Surety invites our attention to an interpretation of section 1305(e) in People v. United Bonding Ins. Co. (1970)12 Cal.App.3d 349 (United Bonding), which defines detention within the meaning of the statute. The criminal defendant in United Bonding was in Mexico, where authorities restricted his movement to within 50 miles of a town. (Id. at p. 352.) The bail agent located defendant and brought him to the United States border. (Ibid.) There, Mexican authorities prevented the bail agent from bringing defendant across the border, citing the restriction of movement. (Ibid.) The court interpreted a prior version of section 1305 with language substantially similar to the current temporary disability provision. It held that defendant had been detained within the meaning of section 1305, and that the detention had rendered defendant unable to appear in court. (United Bonding, at p. 355.) “We do not consider proof of either physical custody or confinement in a jail a prerequisite to the grant of relief from a bail forfeiture under... section 1305. It is sufficient under this section to relieve from a bail forfeiture if it is proven that the defendant was restrained by civil authorities and that the restraint prevents his appearance on the date set for that appearance.” (Id. at pp. 352-353.) That court further noted that the disability portion of the statute applied to detention in foreign nations, as well as the United States, because the terms “‘“‘civil’ or ‘military authorities’”’” was neither modified nor qualified by the Legislature. (Id. at p. 354.) The relevant language remains unchanged today, excepting that the current version reads “military or civil, ” while the 1970 version read “civil or military.” (§ 1305(e).)

A more recent case, citing United Bonding, also held that section 1305(e) does not require physical custody or confinement. (People v. American Surety Ins. Co. (2000) 77 Cal.App.4th 1063, 1065-1066 (American Surety).) In that case, the criminal defendant was involuntarily deported from the United States. “He was not only ordered to leave the country, he was physically escorted across the border by federal agents.” (Id. at p. 1066.) The court held that the deportation was a detention that rendered defendant unable to return; [f]ederal statutes prevent[ed] both his voluntary return, and his forced return by Surety.” (Ibid.) It would have been a federal crime for the surety to bring him to court. (Ibid.)

In reaching its conclusion on the defendant’s detention, and whether it prevented his appearance, American Surety distinguished two other cases involving flight to foreign countries, and the operation of laws preventing the appearance of defendants in court. In County of Los Angeles v. Ranger Ins.

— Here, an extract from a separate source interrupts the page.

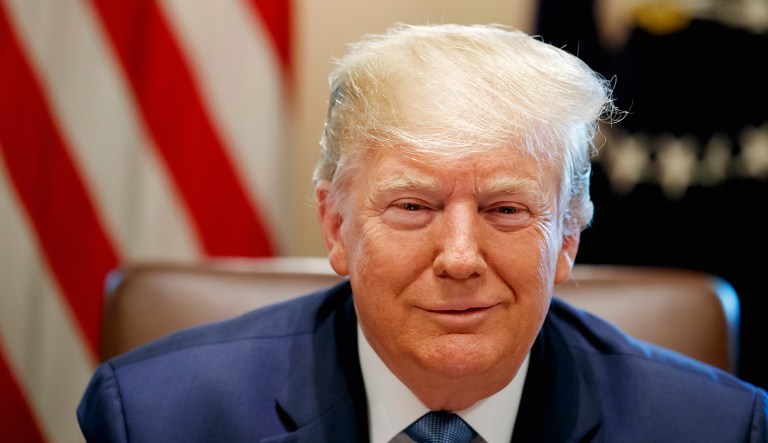 President Trump appears at a Cabinet meeting in D.C.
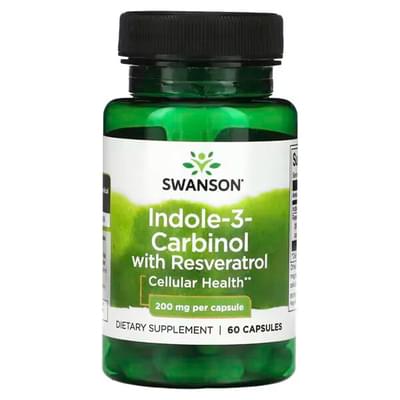 Swanson Индол-3-карбинол с ресвератролом Indole-3-Carbinol with Resveratrol капсулы по 200 мг №60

Co. (1996) 48 Cal.App.4th 992 (Ranger), the criminal defendant voluntarily fled to Cuba, where the surety could not retrieve him because of travel restrictions. (Id. at p. 996.) The court found the surety’s claim “specious.” (Ibid.) The court reasoned it was not the travel restriction that prevented defendant’s return to court, but his voluntary escape of the country: “Cuba was just one of many places which defendant could flee to and be immune from surety’s agents. Such risks were present when the surety posted bond. [The County of Los Angeles] did not act to increase those risks.” (Ibid.) In County of Los Angeles v. Maga (1929) 97 Cal.App. 688 (Maga), the defendants voluntarily fled to Italy, and were retroactively deported under United States law. (Id. at pp. 690-691.) Although by operation of United States law defendants could not return, the court held that it was the voluntary flight, and not operation of federal law, that prevented defendants from appearing. (Id. at pp. 691-692.) “[T]he fact that they had fled the jurisdiction following the issuance of the deportation warrant” did not “exonerate their sureties.” (Id. at p. 691.) “[N]o act of the federal authorities interfered with the right or power of the sureties to surrender their principals.” (Id. at p. 692.)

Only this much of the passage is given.